The city council will convene in a special closed session on Tuesday night to discuss whether or not to pay for legal fees in a sexual harassment claim filed by Filner’s former employee Irene McCormack Jackson.
Jackson publicly came forward last week and alleged that Filner told her to “work without panties” and detailed other alleged acts of sexual harassment. Jackson called her experience working for the mayor “the worst time of my entire working life.”…
Filner has made the request that he should be defended under the city’s expense through a letter from his lawyer Harvey Berger. The letter stated that Filner should have the city pay for representation under California Government codes 825 and 995 – which deal with compensation and defense of public employees.
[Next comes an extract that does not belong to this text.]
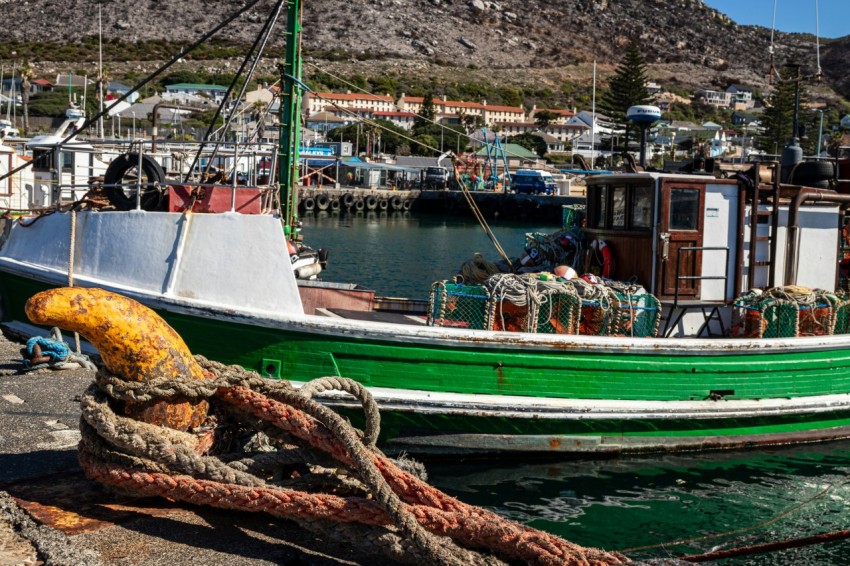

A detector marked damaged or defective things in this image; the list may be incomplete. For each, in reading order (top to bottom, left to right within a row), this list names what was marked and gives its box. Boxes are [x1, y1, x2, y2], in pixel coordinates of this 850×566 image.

Sections 825 and 995 say that the public will pay the legal expenses of a public official if he’s being sued for something he did “within the scope of his employment.” E.g., if the police break down a suspect’s door and damage his property, because they were acting within the scope of their duties, the taxpayers will defend them from the suspect’s lawsuit. Filner seems to be arguing that “the scope of his employment” doesn’t refer to his official acts as mayor but rather to anything he does, no matter how sleazy, while he’s carrying out his official duties. E.g., if a lobbyist comes by to discuss the city budget and he grabs her ass, you’re on the hook for his legal bills because he was only meeting with her in the first place to talk about the budget, see? That’s what mayors do. They talk budgets. And grab asses.
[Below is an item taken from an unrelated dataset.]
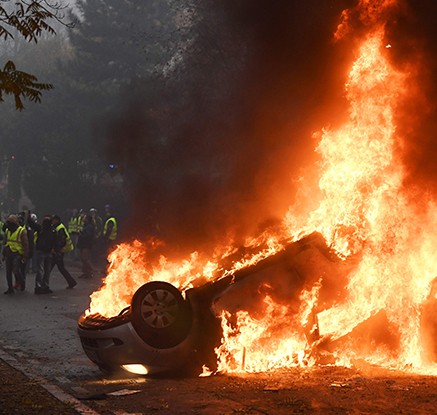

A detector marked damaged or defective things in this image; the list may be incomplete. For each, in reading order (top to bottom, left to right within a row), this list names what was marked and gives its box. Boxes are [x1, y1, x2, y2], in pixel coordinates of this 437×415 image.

overturned burning car [77, 234, 358, 376]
The good news is, section 995 appears to give San Diego an out:
995.2. (a) A public entity may refuse to provide for the defense of a civil action or proceeding brought against an employee or former employee if the public entity determines any of the following:
(1) The act or omission was not within the scope of his or her employment.
(2) He or she acted or failed to act because of actual fraud, corruption, or actual malice.
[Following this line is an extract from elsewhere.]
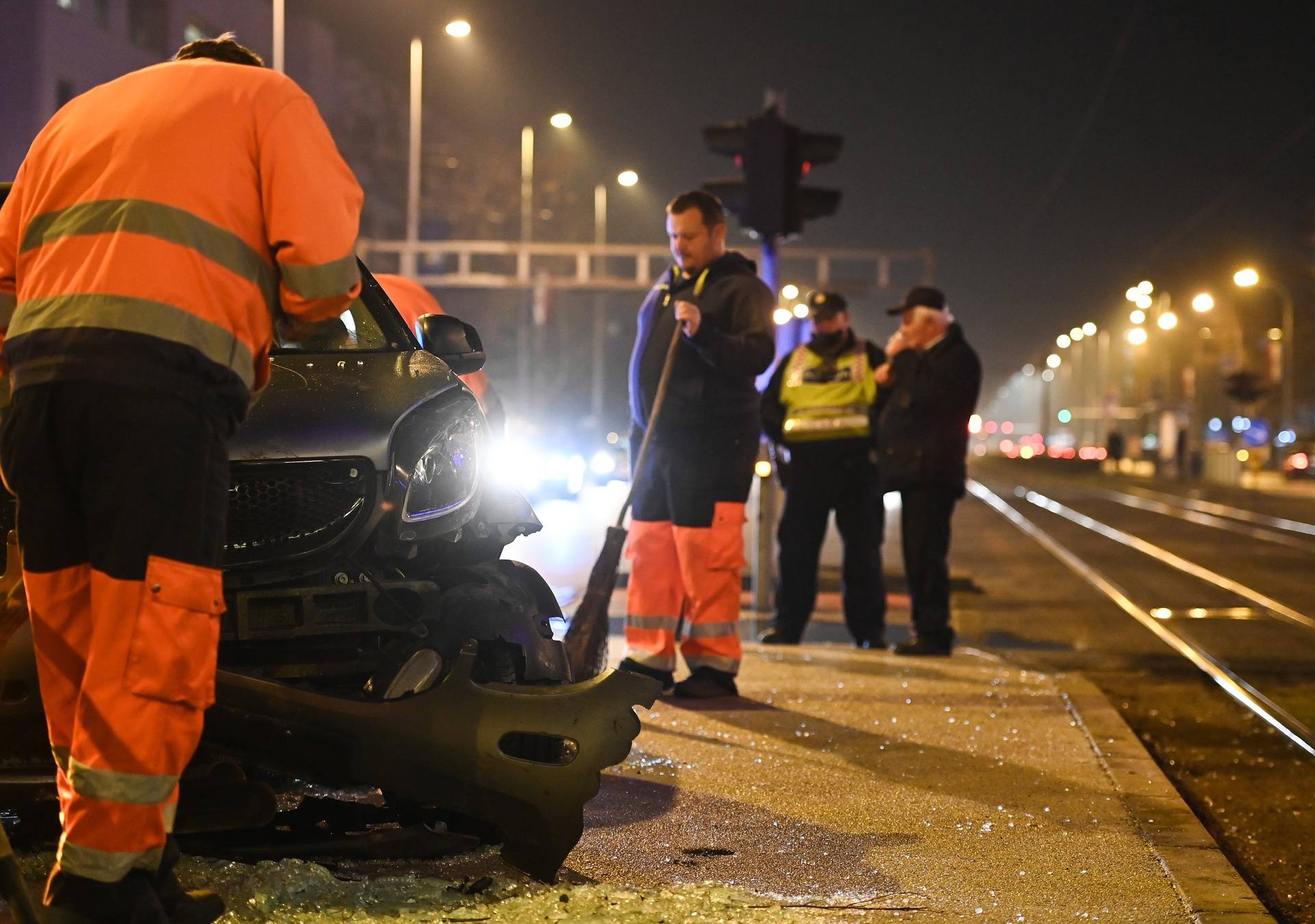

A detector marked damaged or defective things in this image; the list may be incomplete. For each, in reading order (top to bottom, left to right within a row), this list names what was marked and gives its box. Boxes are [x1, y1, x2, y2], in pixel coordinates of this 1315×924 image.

damaged car front [0, 264, 658, 888]
detached bumper [211, 644, 663, 882]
Sexual harassment qualifies as “corruption,” I hope, in which case you don’t need to reach the question of what qualifies as the “scope of his employment.”
For selfish political reasons, I should be glad that this tool’s so deranged that he’d ask the public to pay his bills after admitting to having acted inappropriately and seeking “therapy” (but not resigning, of course). Let him be a thorn in the Democrats’ side forever. I’m not glad, though. Between Sanford, Weiner, Spitzer, and Filner, my tolerance for troubled pols clinging desperately to power has reached its limit. You would think, given that he’s trying to retain his office, that Filner would have the common sense/basic decency not to further antagonize the public by asking them to pick up his legal tab. Nope; this is his way of grabbing their ass too, simply because he can, regardless of how they might feel about it. He’s so remorseless, his friends are evidently preparing to upend the recall process by filing their own recall petition; if they refuse to seek signatures for it and the petition fails, it’ll be six months before anyone else can file one. That’s the degree of power-hunger we’re dealing with here. If we can’t have a government that works, can we at least have one with a lower quotient of arrogant sociopathy?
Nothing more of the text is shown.